Posted on 05/11/2012 4:54:46 PM PDT by Kaslin

Finance: JPMorgan Chase's surprise $2 billion trading loss brought immediate calls from Washington for still more regulation. But if anything, this shows the costly Dodd-Frank financial regulation has solved nothing.

JPMorgan Chase CEO Jamie Dimon has been a loud critic of the Dodd-Frank financial law — particularly the Volcker Rule, which limits banks' investments for their own accounts.

So no doubt there was some high-fiving in Washington over his bank's $2 billion trading loss.

Dimon was blunt in his own assessment, calling his bank's trading strategy "flawed, complex, poorly reviewed, poorly executed and poorly monitored."

"We will admit it, we will fix it and move on," he added. But that's not enough for some.

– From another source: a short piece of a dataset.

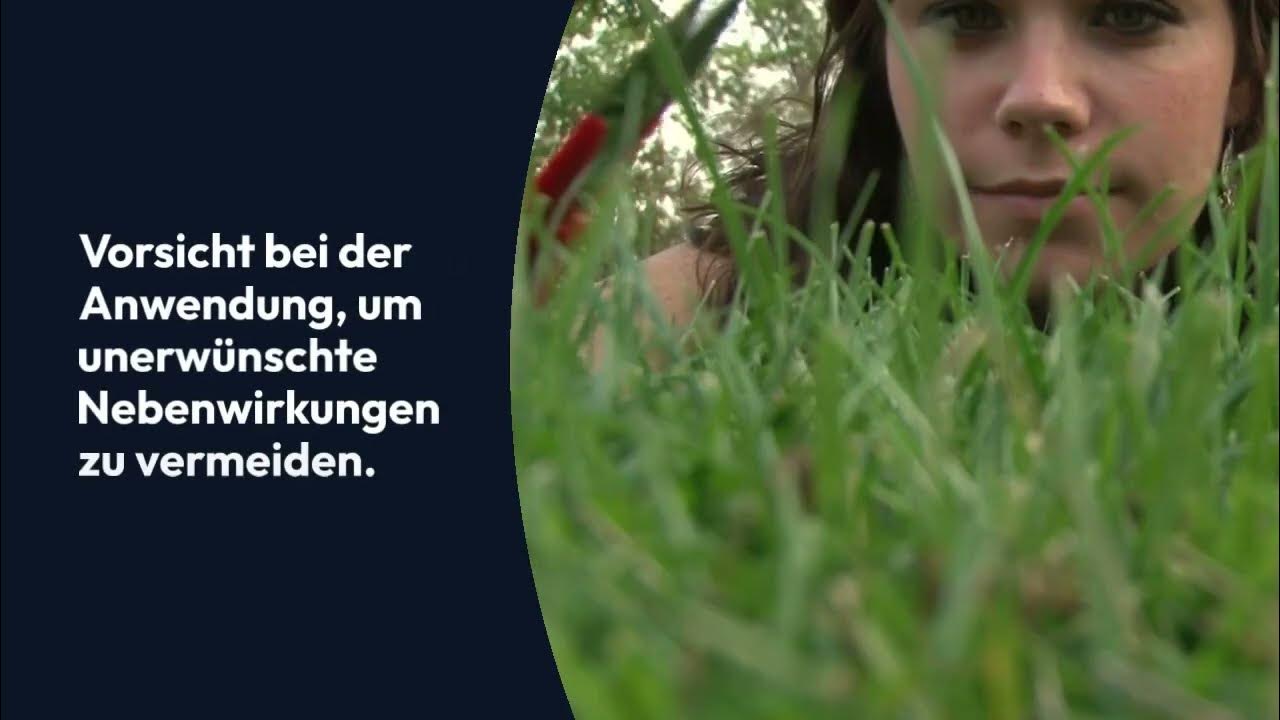 Herbstrasendünger Test 2023 die besten 7 im Vergleich [+Kaufberatung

"The enormous loss JPMorgan announced today is just the latest evidence that what banks call hedges are often risky bets that so-called too-big-to-fail banks have no business making," said Democratic Sen. Carl Levin.

This is hysteria masquerading as policy.

Yes, a JPMorgan Chase trader — dubbed the London Whale — made a bad series of decisions in hedging against the company's portfolio.

(Excerpt) Read more at news.investors.com ...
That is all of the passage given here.